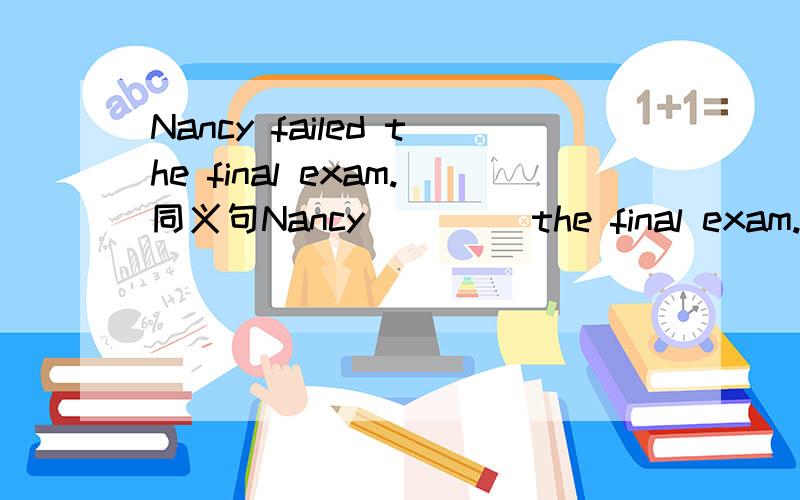 Nancy failed the final exam.同义句Nancy ()()the final exam.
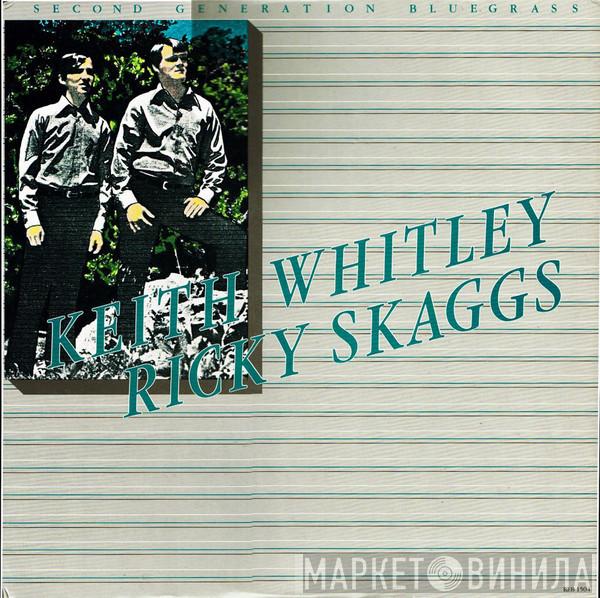 & Keith Whitley  Ricky Skaggs  - Second Generation Bluegrass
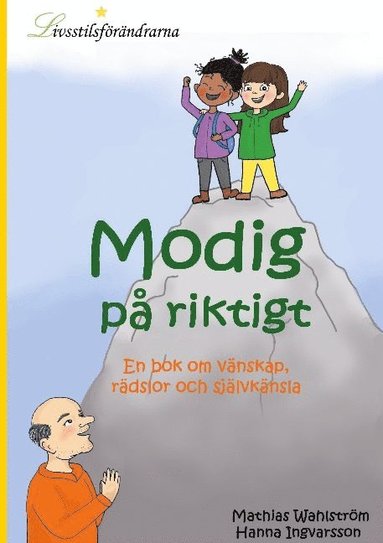 Modig p� riktigt : en bok om v�nskap, r�dslor och sj�lvk�nsla (h�ftad)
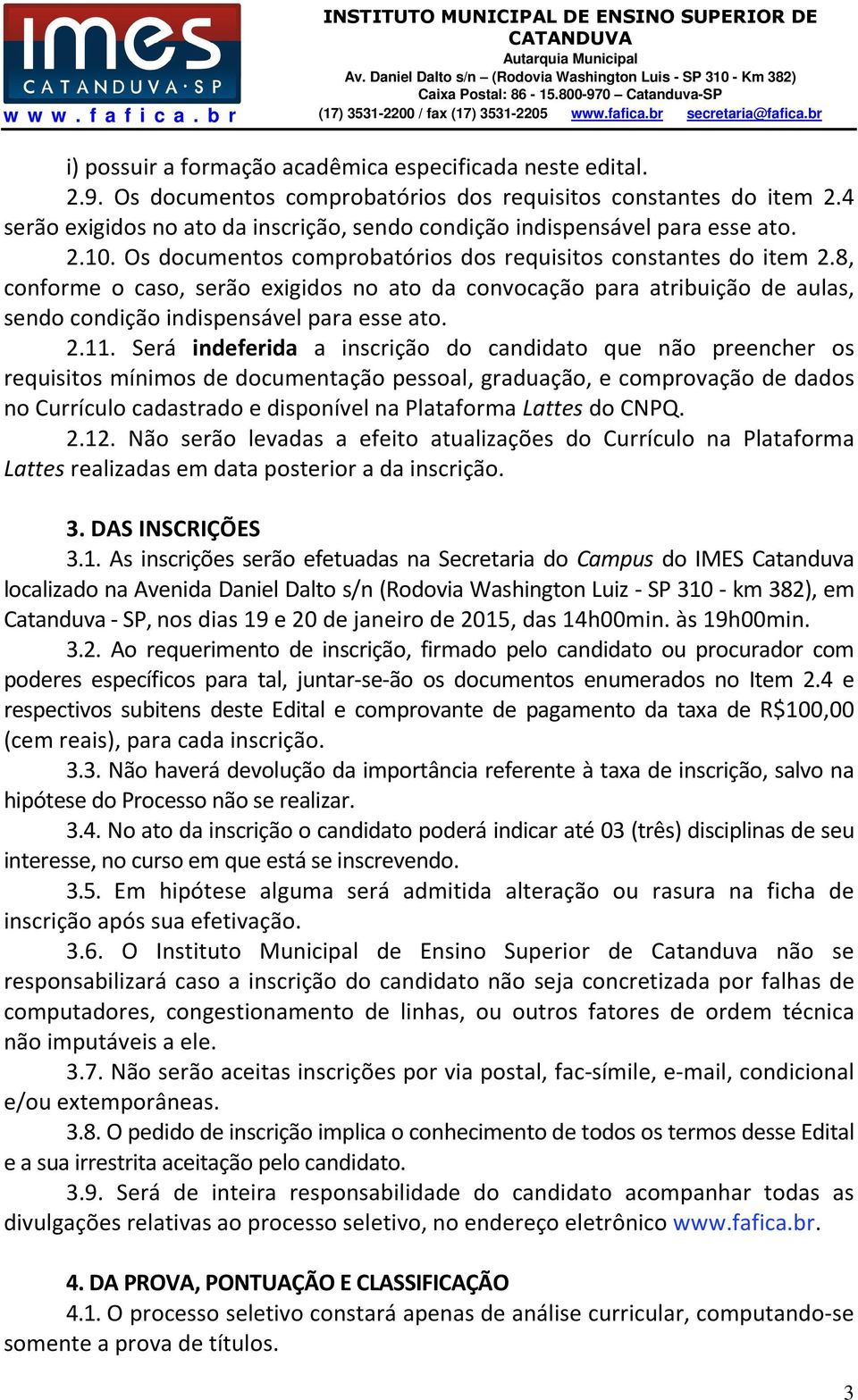 8, conforme o caso, serão exigidos no ato da convocação para atribuição de aulas, sendo condição indispensável para esse ato. 2.11.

_Task directions:_
Go through the material above and retype every line exactly, without the images.

_Response:_
 Nancy failed the final exam.同义句Nancy ()()the final exam.
 & Keith Whitley  Ricky Skaggs  - Second Generation Bluegrass
 Modig p� riktigt : en bok om v�nskap, r�dslor och sj�lvk�nsla (h�ftad)
 8, conforme o caso, serão exigidos no ato da convocação para atribuição de aulas, sendo condição indispensável para esse ato. 2.11.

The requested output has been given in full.